▶ _Problem_
Return every entry below exactly as written, minus the pictures.

Entries taken from a collection

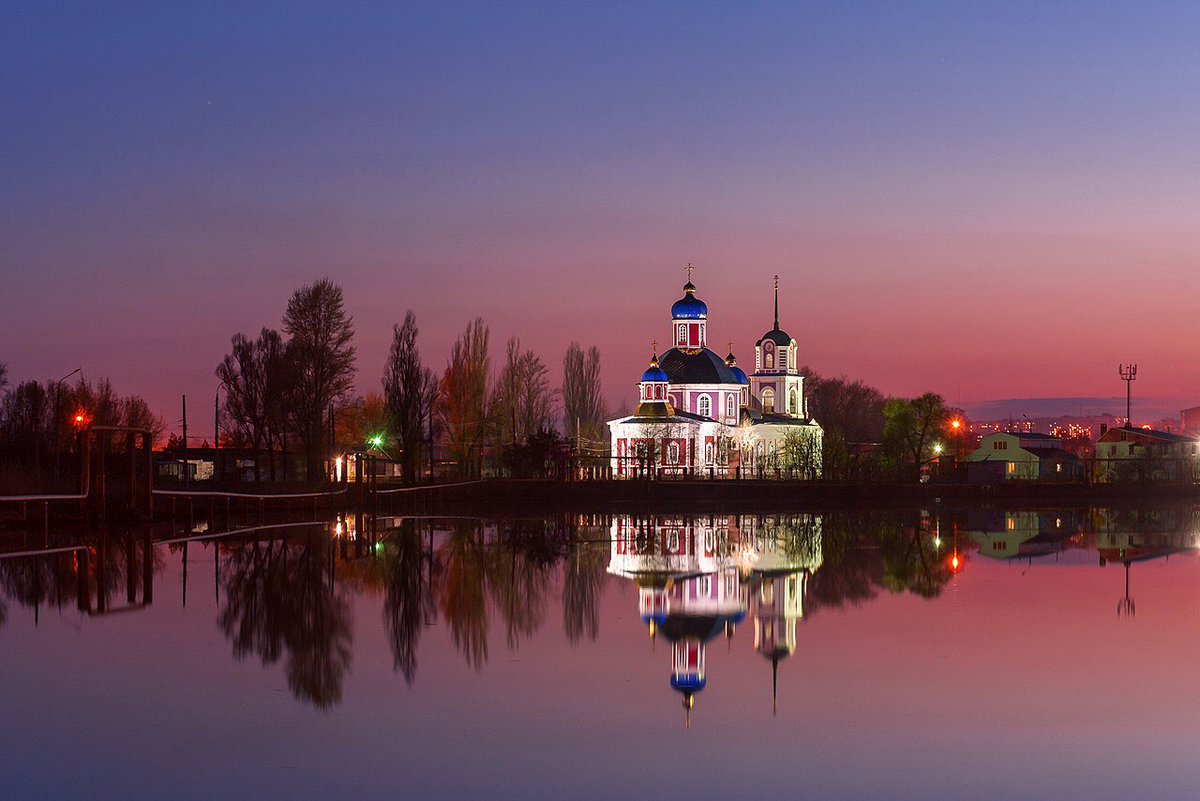 Resurrection Church in Sloviansk, Donetsk, Ukraine - today is Independence Day in Ukraine. Pray for Ukraine. Pray for Peace. Pray for all those bereft and bereaved in this conflict.  commons.wikimedia.org/wiki/File:Slov…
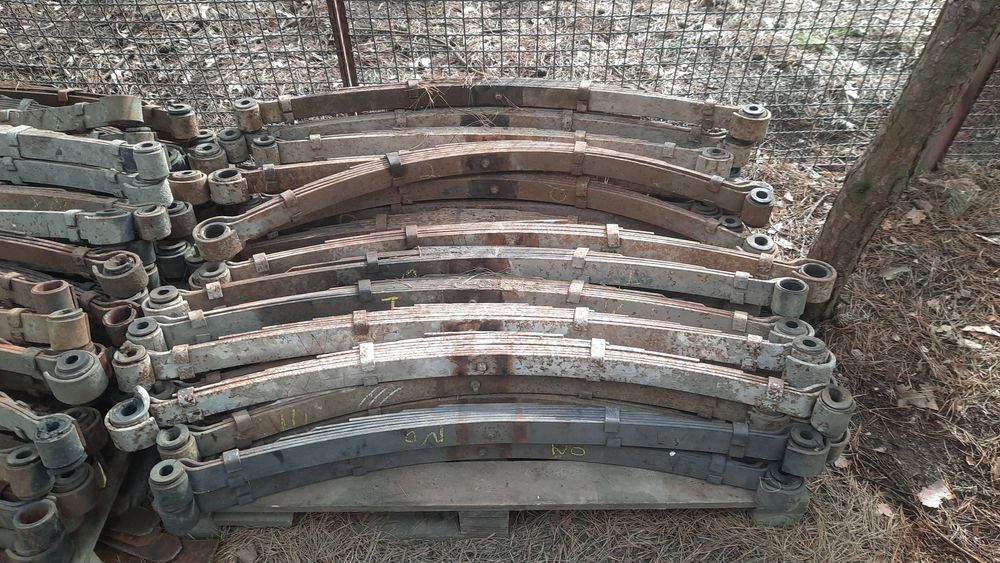 Sprzedam resory do Uaz 469b przyczepka sam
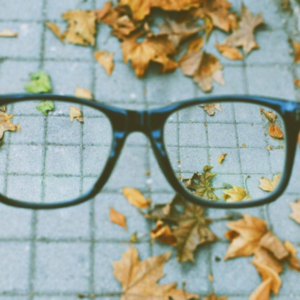 阿里巴巴携自研 AI 模型进军智能眼镜市场，Quark AI 眼镜将于 2025 年底登陆中国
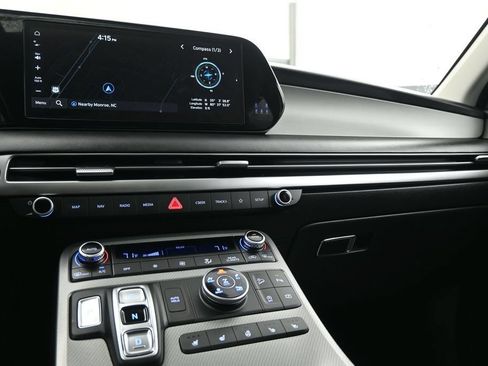 Used 2023 Hyundai Palisade SEL w/ Premium Package AWD/4WD image 16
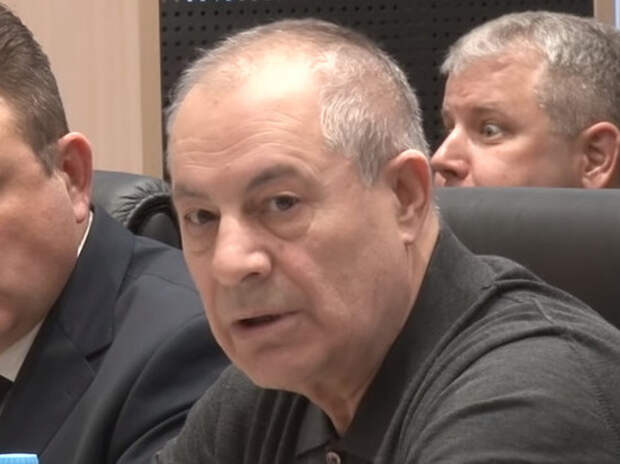 Российский депутат назвал получающих маленькие пенсии россиян «тунеядцами» и «алкашами» Российский депутат назвал получающих маленькие пенсии россиян «тунеядцами» и «алкашами»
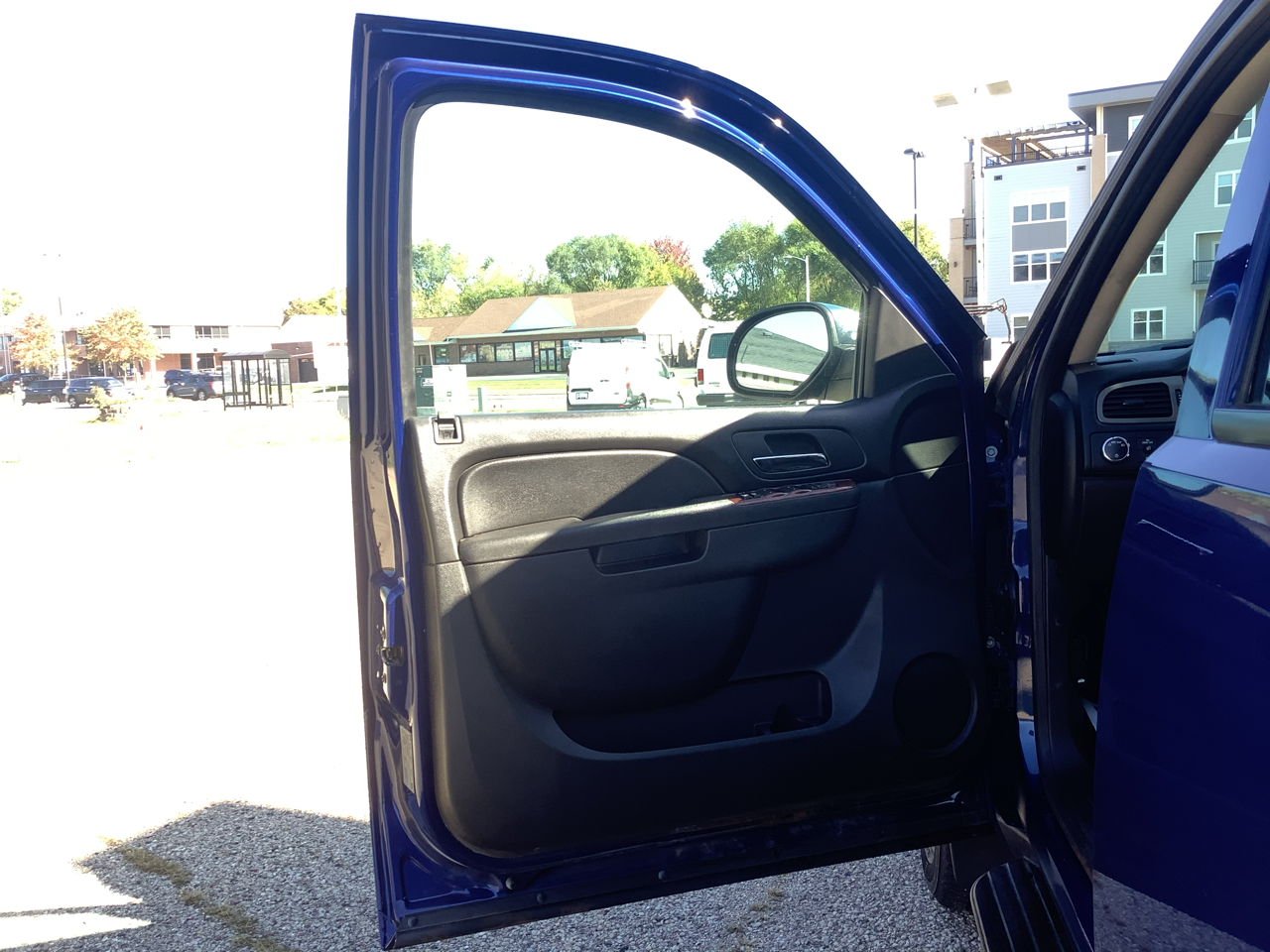 Chevrolet Avalanche LS 4WD 2013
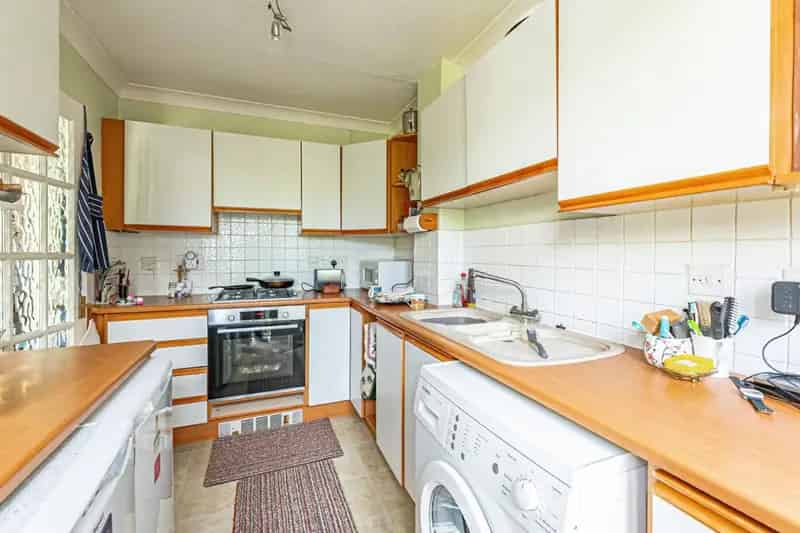 3 Bedroom House For Sale Near Tring High Street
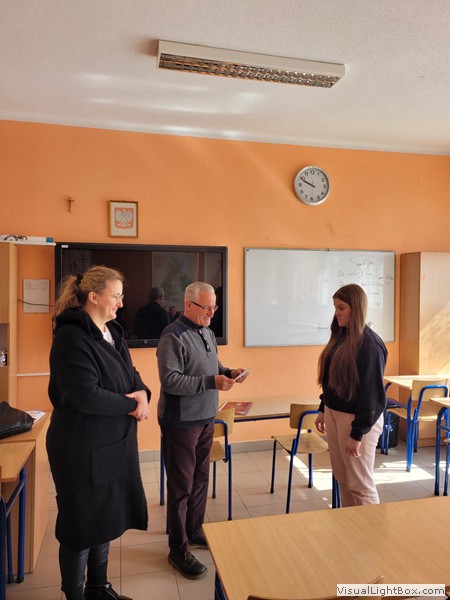 W dniu 4 kwietnia 2022 roku w obecności wychowawcy mgr Joanny Socha…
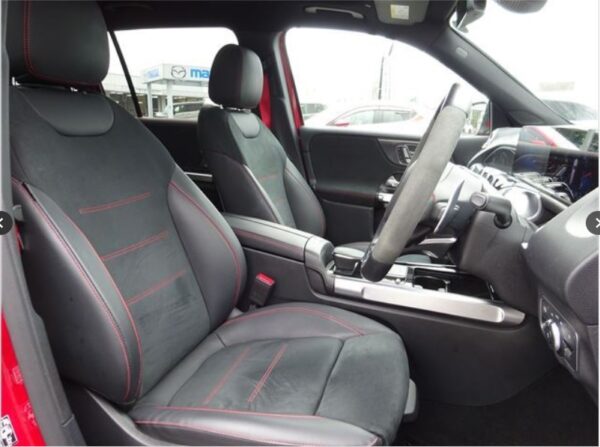 Mercedes-AMG GLB 35 2023 - Image 9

▶ _Answer for the task_
 Resurrection Church in Sloviansk, Donetsk, Ukraine - today is Independence Day in Ukraine. Pray for Ukraine. Pray for Peace. Pray for all those bereft and bereaved in this conflict.  commons.wikimedia.org/wiki/File:Slov…
 Sprzedam resory do Uaz 469b przyczepka sam
 阿里巴巴携自研 AI 模型进军智能眼镜市场，Quark AI 眼镜将于 2025 年底登陆中国
 Used 2023 Hyundai Palisade SEL w/ Premium Package AWD/4WD image 16
 Российский депутат назвал получающих маленькие пенсии россиян «тунеядцами» и «алкашами» Российский депутат назвал получающих маленькие пенсии россиян «тунеядцами» и «алкашами»
 Chevrolet Avalanche LS 4WD 2013
 3 Bedroom House For Sale Near Tring High Street
 W dniu 4 kwietnia 2022 roku w obecności wychowawcy mgr Joanny Socha…
 Mercedes-AMG GLB 35 2023 - Image 9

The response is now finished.